So which was I in my story. I'd love to know. I removed a cable from the panel and checked to insure it was dead (and it was when I tested it). Should I have pulled the meter just to make sure? My point is, there are so many ways to get shocked, that you can't protect against all of them, all the time. You can limit your risk. That's what I try to do. Handling a 120V cable on dry floor in EH rated boots is probably not going to get you killed.

Mark


----------



## Chevyman30571 (Feb 2, 2009)

Wildie said:


> If you put one hand in your pocket and wear rubber soled boots (without nails) the chances of getting electrocuted are small.
> The real danger of electricity is getting a poke and falling off a ladder.


I agree and disagree. I have gotten blasted off 120v using one hand before. I was working live and touched the neutrals together. It hurt worse than if i touched the hots because it was carrying the full load. As long as you work with ONE wire at a time you should not have a problem. Even when the power is off it is still a good practice to work with one hand. I work on 277 and 480 all the time. The power is always off and still I work very cautiously. As quoted before if you are so scared to work on dead electrical you shouldn't be touching it at all. The second you stop respecting electricity, is the time you get blasted.


----------



## md2lgyk (Jan 6, 2009)

dberladyn said:


> I wouldn't use gloves! The power is OFF! Simple to check if you are that paranoid. If anything gloves will make you clumsy and in my opinion that will only increase the chance that you slip and foul the wires.
> 
> Anyways to each his own.


I'm with you. I would never wear gloves. But then, I've been working with electricity for nearly 50 years.


----------



## Jupe Blue (Nov 9, 2008)

When I've been shocked on the job, it's 99.99% because I've been careless. Mostly from not verifying that the breaker I've turned off is the correct one.


----------



## PaliBob (Jun 11, 2008)

I got a completely unexpected, (one of those what the....) shock years ago when I was wire nutting a neutral in a box where I knew the affected breaker was turned OFF.

What happened was the white wire I touched was carrying upstream current from the adjacent breaker that did not feed power through my circuit.
.


----------



## zircon (Sep 24, 2007)

PaliBob said:


> I got a completely unexpected, (one of those what the....) shock years ago when I was wire nutting a neutral in a box where I knew the affected breaker was turned OFF.
> 
> What happened was the white wire I touched was carrying upstream current from the adjacent breaker that did not feed power through my circuit.
> .


Years ago I was a fourth year electrician apprentice(never became a journeyman,did other things)and we were taught always to turn off power when possible but always work it as if it were live.

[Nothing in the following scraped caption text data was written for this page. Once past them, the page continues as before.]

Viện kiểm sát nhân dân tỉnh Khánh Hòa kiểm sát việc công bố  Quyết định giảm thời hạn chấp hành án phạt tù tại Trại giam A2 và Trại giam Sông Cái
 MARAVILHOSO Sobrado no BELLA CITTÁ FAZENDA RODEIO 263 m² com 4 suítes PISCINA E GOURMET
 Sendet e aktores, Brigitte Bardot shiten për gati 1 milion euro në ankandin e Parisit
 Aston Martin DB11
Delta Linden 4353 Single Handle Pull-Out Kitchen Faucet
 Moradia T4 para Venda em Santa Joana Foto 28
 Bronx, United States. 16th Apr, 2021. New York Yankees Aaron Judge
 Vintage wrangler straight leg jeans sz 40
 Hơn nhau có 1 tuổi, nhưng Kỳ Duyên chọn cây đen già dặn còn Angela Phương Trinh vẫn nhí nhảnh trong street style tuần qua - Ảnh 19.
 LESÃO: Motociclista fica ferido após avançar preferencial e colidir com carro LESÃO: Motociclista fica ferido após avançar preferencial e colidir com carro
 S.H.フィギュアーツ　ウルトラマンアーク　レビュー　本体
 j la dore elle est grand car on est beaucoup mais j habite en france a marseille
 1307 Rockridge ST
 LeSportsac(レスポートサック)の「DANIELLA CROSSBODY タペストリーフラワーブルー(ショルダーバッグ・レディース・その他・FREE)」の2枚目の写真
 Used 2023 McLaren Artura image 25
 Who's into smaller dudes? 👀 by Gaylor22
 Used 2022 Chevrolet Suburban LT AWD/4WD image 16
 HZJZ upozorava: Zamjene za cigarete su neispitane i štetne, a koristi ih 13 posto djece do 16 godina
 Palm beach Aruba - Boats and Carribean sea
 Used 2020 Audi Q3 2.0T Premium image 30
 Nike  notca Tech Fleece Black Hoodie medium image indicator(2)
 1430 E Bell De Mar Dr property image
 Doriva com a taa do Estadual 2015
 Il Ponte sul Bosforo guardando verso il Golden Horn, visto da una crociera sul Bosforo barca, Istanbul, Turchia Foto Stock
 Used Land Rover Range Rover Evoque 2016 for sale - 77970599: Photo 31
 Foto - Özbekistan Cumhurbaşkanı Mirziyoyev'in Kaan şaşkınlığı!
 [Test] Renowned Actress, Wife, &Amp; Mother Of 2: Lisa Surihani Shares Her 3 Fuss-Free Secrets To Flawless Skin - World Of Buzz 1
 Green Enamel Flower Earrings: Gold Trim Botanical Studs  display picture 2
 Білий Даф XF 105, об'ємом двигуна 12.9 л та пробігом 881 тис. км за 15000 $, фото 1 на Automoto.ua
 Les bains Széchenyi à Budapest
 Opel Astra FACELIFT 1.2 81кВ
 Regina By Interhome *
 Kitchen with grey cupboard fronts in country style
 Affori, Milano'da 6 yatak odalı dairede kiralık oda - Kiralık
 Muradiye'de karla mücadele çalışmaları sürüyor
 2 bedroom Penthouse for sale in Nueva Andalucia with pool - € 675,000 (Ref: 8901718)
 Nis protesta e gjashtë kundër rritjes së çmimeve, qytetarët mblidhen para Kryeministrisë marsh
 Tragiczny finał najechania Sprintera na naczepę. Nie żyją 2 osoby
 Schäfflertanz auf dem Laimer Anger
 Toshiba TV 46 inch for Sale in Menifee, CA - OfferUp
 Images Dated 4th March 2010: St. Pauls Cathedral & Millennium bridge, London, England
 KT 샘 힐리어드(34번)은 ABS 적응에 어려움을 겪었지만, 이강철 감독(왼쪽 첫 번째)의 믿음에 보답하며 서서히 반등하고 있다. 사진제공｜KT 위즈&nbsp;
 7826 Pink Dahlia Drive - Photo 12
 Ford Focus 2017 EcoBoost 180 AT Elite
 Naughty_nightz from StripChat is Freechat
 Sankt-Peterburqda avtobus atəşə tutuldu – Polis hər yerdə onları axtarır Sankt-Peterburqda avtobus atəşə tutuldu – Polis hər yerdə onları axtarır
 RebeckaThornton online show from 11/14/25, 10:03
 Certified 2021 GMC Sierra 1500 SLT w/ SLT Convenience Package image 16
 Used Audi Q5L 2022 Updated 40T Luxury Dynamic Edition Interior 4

This thread reminds me of an incident about ten years ago. I live in a small seven unit condo and the owners do some chores themselves to hold down costs. I volunteered to replace two exit light emerg light combos in the halls. Just as I finished the entire electrical grid in the Northeast went down. The next day my neighbors wife told me my neighbor was sitting for hours in the dark, no AC, no TV, temps in the 90's and thinking I had shut off the power in the building to change the lights. When I saw him I told him that you can't be too careful with electrical work, so to be on the safe side I shut off the power from New York to Ohio.


----------



## sparks1up (May 5, 2010)

Dishwashing gloves? 

Might be better off using blinders! Since you can't see electricity if you use blinders you can't get shocked...right? 

I have also heard that if you jump up and down changing from one leg to the other while you work you wont get shocked. 

If you're capable, riding a unicycle while making splices also shields you from shock! 

Laughable....yes but no more laughable then wearing dishwashing gloves! 

Respect comes from knowledge, fear comes from not knowing!


----------



## sparks1up (May 5, 2010)

zircon said:


> we were taught always to turn off power when possible but always work it as if it were live.


That's the right way!


----------



## jamiedolan (Sep 2, 2008)

busman said:


> Bottom line - don't touch wires if you don't want to get hurt.


This is silly. I don't think I have even been shocked when doing electrical work or from my own work.

If you have any question about where the wires go and they are in fact not live then you should check. Put a tone generator on it if necessary. 

If your not comfortable tracing down circuits and using a meter to make sure things are off, questions if you should be doing this in the first place; but if you proceed, you can do so with the main off.

If your still worried after the main is off; why? If you think someone could turn it back on by accident, then you need to have some kind of lock out. Other than that, if it is off, it is off. If it still scares you, then No Touch.


----------



## jamiedolan (Sep 2, 2008)

busman said:


> So which was I in my story. I'd love to know. I removed a cable from the panel and checked to insure it was dead (and it was when I tested it). Should I have pulled the meter just to make sure? My point is, there are so many ways to get shocked, that you can't protect against all of them, all the time. You can limit your risk. That's what I try to do. Handling a 120V cable on dry floor in EH rated boots is probably not going to get you killed.
> 
> Mark


See my other post -- know where the wires go. You don't need to pull the meter, just turn off the main. The only additional thing that is going to die with the meter pulled is the 6' cable to the main breaker from the meter pan. 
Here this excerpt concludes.